▶ What to produce
The answer is one number: how many lines in the data below hold "Brass".

___ Exercise input

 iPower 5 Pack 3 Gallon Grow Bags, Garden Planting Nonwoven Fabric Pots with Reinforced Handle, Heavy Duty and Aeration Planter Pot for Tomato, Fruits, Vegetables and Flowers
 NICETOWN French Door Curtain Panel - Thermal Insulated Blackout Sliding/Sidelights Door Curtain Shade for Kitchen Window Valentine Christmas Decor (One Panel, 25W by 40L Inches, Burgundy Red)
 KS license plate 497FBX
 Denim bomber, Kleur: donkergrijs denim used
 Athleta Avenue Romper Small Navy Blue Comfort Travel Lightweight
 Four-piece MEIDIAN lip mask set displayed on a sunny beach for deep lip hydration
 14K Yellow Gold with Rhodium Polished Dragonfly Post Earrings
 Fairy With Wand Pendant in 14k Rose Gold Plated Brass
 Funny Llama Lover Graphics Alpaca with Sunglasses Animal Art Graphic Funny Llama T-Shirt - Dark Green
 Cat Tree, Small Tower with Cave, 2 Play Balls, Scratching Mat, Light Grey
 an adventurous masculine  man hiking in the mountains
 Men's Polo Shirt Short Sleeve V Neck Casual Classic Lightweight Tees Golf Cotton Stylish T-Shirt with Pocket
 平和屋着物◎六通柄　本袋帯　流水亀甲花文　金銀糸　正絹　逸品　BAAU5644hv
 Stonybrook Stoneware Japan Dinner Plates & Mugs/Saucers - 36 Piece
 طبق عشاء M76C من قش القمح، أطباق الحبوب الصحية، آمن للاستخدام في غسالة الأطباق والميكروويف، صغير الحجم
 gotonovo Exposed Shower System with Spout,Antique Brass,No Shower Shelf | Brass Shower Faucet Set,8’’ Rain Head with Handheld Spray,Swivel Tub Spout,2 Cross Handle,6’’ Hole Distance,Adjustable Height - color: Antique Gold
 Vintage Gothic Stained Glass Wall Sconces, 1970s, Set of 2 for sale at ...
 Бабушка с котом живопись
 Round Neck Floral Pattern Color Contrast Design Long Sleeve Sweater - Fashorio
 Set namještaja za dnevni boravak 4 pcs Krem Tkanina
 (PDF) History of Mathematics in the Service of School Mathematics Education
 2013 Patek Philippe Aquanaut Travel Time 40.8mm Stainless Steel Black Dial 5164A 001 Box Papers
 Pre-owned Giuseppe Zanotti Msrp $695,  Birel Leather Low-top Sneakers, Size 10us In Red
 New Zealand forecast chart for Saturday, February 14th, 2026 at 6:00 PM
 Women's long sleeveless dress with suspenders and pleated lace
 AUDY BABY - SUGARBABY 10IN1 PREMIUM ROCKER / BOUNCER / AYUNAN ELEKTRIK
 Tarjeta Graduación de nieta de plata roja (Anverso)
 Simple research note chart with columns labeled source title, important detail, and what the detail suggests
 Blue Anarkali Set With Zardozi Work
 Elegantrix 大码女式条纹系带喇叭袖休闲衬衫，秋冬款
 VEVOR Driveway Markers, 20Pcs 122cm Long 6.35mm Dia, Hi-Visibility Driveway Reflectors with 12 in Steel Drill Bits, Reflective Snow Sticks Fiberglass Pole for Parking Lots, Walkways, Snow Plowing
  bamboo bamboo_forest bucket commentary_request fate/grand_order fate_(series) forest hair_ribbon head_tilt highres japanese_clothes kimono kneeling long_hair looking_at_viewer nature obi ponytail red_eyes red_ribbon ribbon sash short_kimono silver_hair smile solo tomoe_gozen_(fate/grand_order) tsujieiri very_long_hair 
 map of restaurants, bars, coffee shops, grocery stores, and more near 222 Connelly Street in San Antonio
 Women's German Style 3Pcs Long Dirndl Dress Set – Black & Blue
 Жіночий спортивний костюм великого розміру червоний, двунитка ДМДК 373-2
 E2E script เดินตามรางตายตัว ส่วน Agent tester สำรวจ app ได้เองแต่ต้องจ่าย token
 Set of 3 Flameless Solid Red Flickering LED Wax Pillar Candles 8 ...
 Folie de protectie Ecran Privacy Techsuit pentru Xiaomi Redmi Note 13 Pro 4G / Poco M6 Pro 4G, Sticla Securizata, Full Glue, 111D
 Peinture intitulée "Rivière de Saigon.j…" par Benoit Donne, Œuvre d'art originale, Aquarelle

______

▶ Expected answer
2